The problem:
Begin with the first line below and retype each line exactly through the line containing "flex (refurbished) FixCell". Any pictures are to be left out.
(Task inputs)
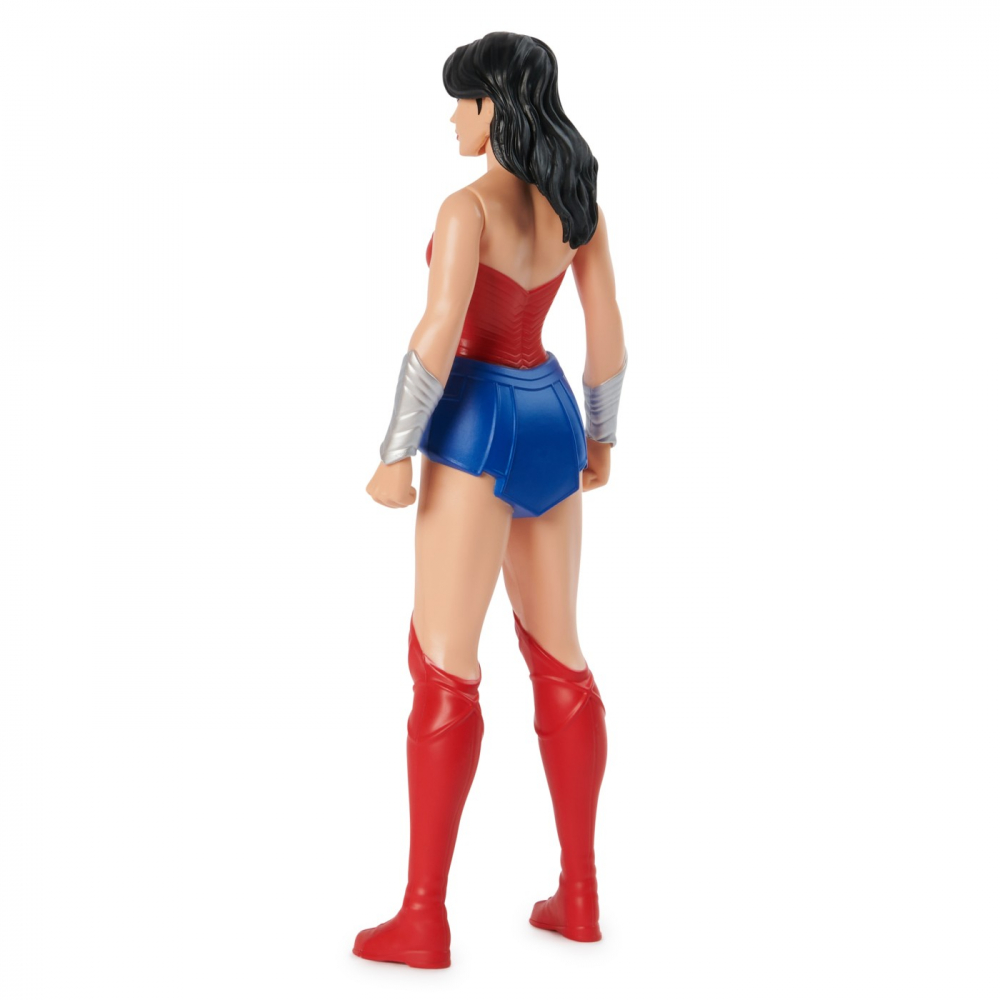 Batman figurina wonder woman 24cm, varsta de la 3 ani la 7 ani [4]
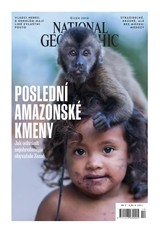 E-magazín National Geographic 10/2018 - VLTAVA LABE MEDIA a.s.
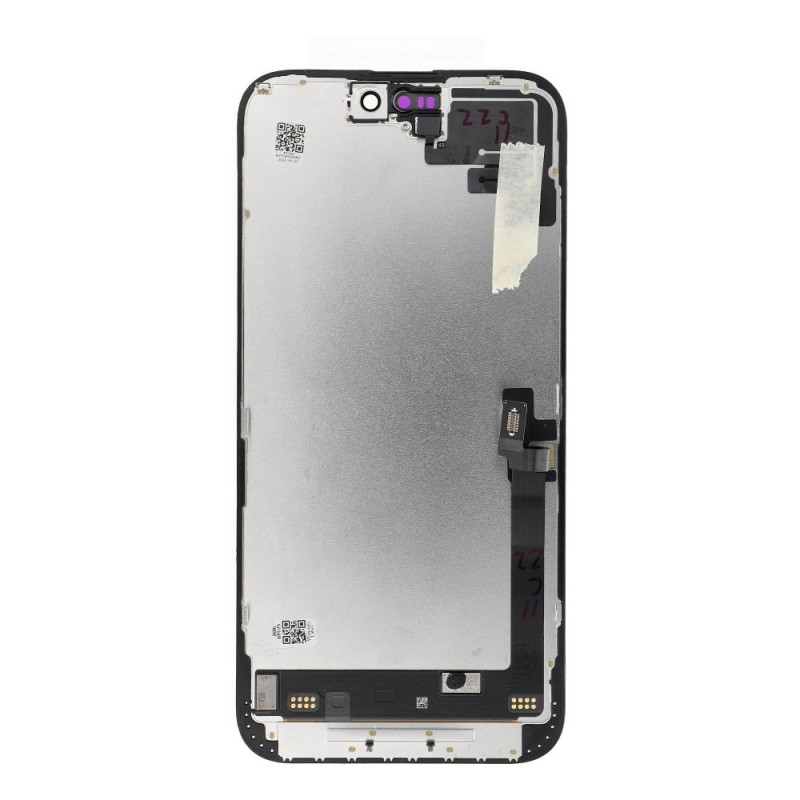 FixCell LCD Display for IPHONE 16 PLUS Super Retina XDR + sensor flex (refurbished) FixCell LCD Display for IPHONE 16 PLUS Super Retina XDR + sensor flex (refurbished)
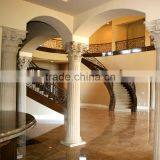 External and Internal Beautiful Decorative for Villa and Bank and Hotel Greek Column Caps thumbnail-4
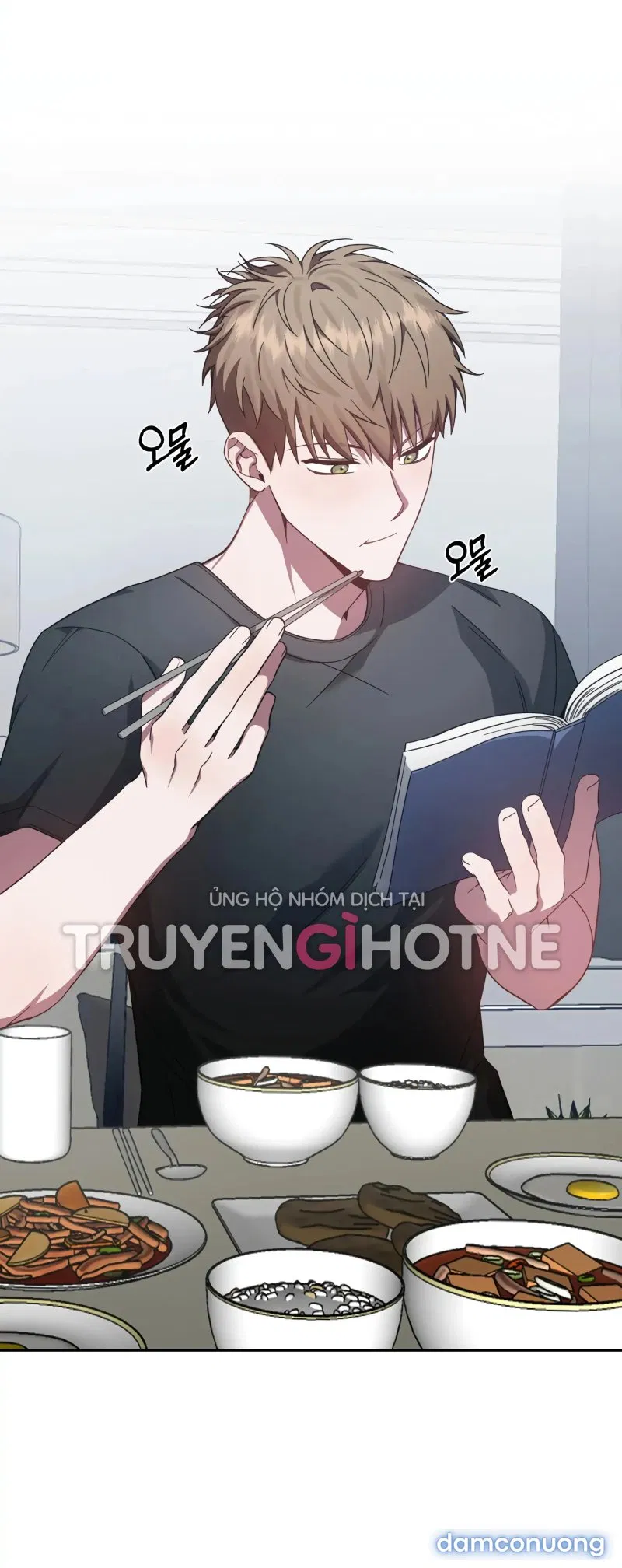 [18+] Quan Hệ Không Xác Định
(End Task inputs)
Answer to this problem:
 Batman figurina wonder woman 24cm, varsta de la 3 ani la 7 ani [4]
 E-magazín National Geographic 10/2018 - VLTAVA LABE MEDIA a.s.
 FixCell LCD Display for IPHONE 16 PLUS Super Retina XDR + sensor flex (refurbished) FixCell LCD Display for IPHONE 16 PLUS Super Retina XDR + sensor flex (refurbished)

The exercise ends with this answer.